After publishing the Disaster Recovery Faking, Take Two blog post (you might want to read that one before proceeding) I was severely reprimanded by several people with ties to virtualization vendors for blaming virtualization consultants when it was obvious the firewall clusters stretched across two data centers caused the total data center meltdown.
Let’s chase that elephant out of the room first. When you drive too fast on an icy road and crash into a tree who do you blame?
The person who told you it’s perfectly OK to do so;
The tire manufacturer who advertised how safe their tires were?
The tires for failing to ignore the laws of physics;
Yourself for listening to bad advice
For whatever reason some people love to blame the tires ;)
Now for stretched firewall clusters. Building a reliable clustering solution is hard - according to some people it’s so hard that non-clustered solutions have higher uptime than clustered ones, because everything else in the system has a lower failure rate than the clustering software.
Ignoring that bit of wisdom, building a 2-node cluster is the worst thing you can do. Getting a majority in a 2-vote system is a bit hard, and most clustering solutions get around that limitation by adding a witness node - a fake node that does nothing else but helps the voting algorithm.
In compute clusters the disks usually serve as the witness nodes. In firewall clusters we could use virtual machines (or something else), but that would make the firewall cluster dependent on some other infrastructure, and security engineers wouldn’t appreciate that.
The firewall vendors “solved” the witness node problem by using the communication paths between the cluster nodes as the tie-breaker. There are at least three independent connections between the members of a firewall cluster: inside link(s), outside link(s) and cluster link. If a cluster node cannot reach its peer through any of these links, it’s safe to assume the peer is dead and take over, right?
Well, that line of reasoning was perfectly valid as long as the three links were independent. When stretching a firewall cluster across multiple sites the three links between the firewalls usually get turned into three VLANs running across shared DCI infrastructure, effectively turning what was supposed to be three independent links into a shared-risk link group. No wonder the solution doesn’t work as advertised.

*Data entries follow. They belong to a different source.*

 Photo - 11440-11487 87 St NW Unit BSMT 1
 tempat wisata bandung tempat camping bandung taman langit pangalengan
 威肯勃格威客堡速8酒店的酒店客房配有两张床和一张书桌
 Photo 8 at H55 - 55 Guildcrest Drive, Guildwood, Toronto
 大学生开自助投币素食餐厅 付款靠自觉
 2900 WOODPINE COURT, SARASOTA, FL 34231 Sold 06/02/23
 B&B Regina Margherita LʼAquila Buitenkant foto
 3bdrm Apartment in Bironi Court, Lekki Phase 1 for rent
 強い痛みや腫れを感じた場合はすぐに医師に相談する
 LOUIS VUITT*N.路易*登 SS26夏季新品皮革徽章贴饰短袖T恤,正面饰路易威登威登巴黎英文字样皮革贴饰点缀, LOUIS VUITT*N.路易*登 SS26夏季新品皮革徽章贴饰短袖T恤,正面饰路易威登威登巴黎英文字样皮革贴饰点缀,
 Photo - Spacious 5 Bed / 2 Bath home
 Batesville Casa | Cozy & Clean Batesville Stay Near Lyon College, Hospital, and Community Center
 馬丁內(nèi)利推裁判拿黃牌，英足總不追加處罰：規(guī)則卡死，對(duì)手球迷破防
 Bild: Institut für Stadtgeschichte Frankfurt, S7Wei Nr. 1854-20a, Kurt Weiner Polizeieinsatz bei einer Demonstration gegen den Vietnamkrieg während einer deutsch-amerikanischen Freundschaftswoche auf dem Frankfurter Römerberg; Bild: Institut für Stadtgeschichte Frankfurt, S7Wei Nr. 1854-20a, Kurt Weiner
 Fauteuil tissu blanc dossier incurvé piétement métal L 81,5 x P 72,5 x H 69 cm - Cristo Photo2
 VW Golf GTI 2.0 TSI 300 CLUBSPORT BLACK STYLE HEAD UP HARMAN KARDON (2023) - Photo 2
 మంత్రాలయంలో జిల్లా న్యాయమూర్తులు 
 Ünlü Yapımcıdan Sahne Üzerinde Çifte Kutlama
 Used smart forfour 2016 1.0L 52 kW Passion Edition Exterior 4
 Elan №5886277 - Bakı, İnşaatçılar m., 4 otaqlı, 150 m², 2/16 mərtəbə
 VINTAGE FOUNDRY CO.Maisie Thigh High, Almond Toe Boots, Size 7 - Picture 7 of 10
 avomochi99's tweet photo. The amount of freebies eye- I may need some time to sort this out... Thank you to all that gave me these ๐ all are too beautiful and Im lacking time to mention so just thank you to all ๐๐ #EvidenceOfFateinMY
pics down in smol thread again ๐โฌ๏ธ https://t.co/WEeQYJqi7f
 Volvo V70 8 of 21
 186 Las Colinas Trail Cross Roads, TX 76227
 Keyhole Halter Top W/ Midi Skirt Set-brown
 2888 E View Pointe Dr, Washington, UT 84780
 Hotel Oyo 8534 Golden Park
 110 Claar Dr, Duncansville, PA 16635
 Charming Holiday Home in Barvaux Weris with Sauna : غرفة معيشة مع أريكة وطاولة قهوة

Could we make it better? Sure, change your design. Oh, without that? Sure, make sure the three links are really independent. Oh, without paying for extra links? Wish you luck - I’m out of here…
Then there’s the “minor” detail of failure probability. In a cluster made from adjacent devices connected with point-to-point links the links themselves are least likely to fail, and if they fail, they usually fail in a predictable way, so you can assume they are reliable and move on. When stretching the cluster nodes across multiple sites the links between them become the least reliable component and might exhibit all sorts of gray failures. Do you seriously think the firewall vendors can simulate all those failure scenarios?
That brings me to the final part of this sad story. Any reliability engineer analyzing the whole thing should come to the same conclusion: Don’t ever do it… but why are the firewall vendors still promoting such solutions? I guess it’s always a 737MAX-like story (minus the loss of life): while at least some development engineers know it’s not safe to do things the way they are advertised, the product managers and the sales team are doing whatever it takes to sell the gear, and nobody listens to the engineers anyway.
So what can you do? You claim to be an engineer, right? So learn the fundamentals, figure out how things (probably) work and go from there. Some “solutions” are inherently unsafe - it’s your job to identify them (don’t ever rely on vendors doing that job for you - FAA learned that the hard way), and work with your peers to build a solution that satisfies the true business needs of your company.